◆ Problem to solve ◆
Copy the records below exactly, starting at the line that contains "SALE10%OFFͭҡӡġӡȡ䡡˥åɡڤμ" and ending at the line that contains "Royal Canin Giant"; leave out any pictures.

◆ Information provided ◆
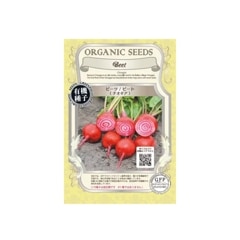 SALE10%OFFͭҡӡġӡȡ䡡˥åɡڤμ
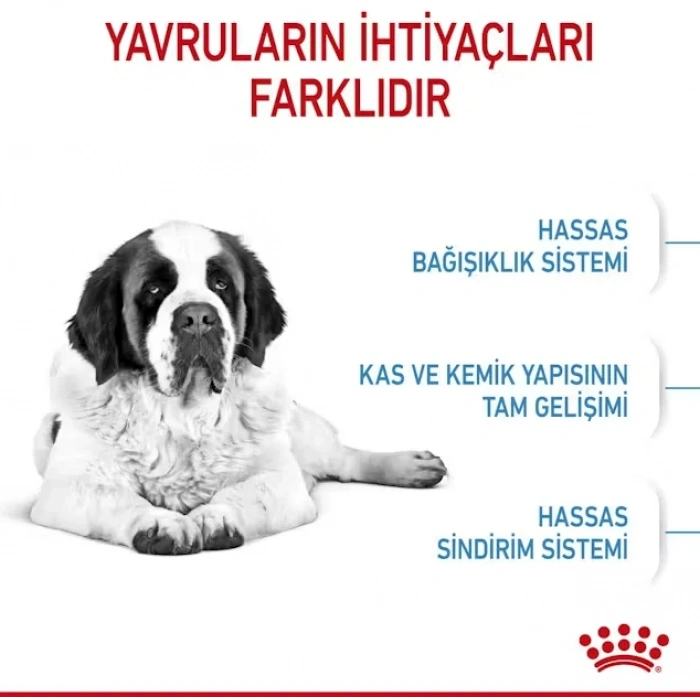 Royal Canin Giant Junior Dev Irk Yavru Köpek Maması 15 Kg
==
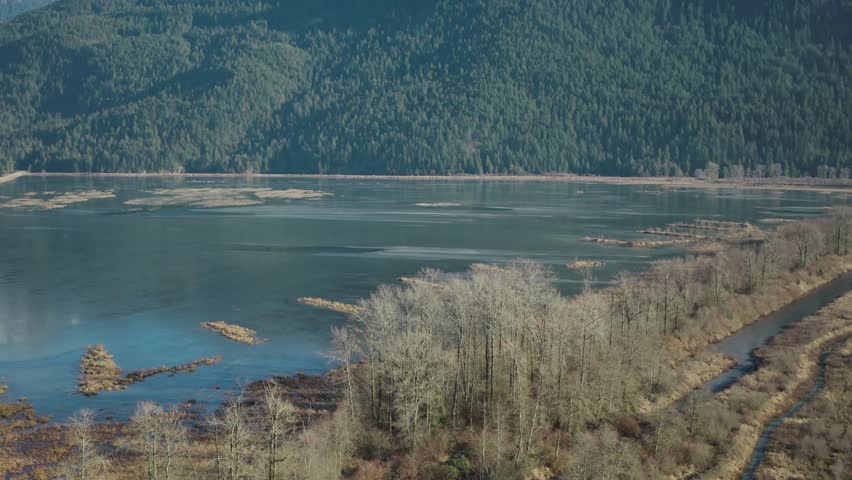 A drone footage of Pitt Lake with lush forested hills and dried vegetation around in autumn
...
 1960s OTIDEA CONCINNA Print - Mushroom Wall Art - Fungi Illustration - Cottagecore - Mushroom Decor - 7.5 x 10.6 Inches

◆ Worked solution ◆
 SALE10%OFFͭҡӡġӡȡ䡡˥åɡڤμ
 Royal Canin Giant Junior Dev Irk Yavru Köpek Maması 15 Kg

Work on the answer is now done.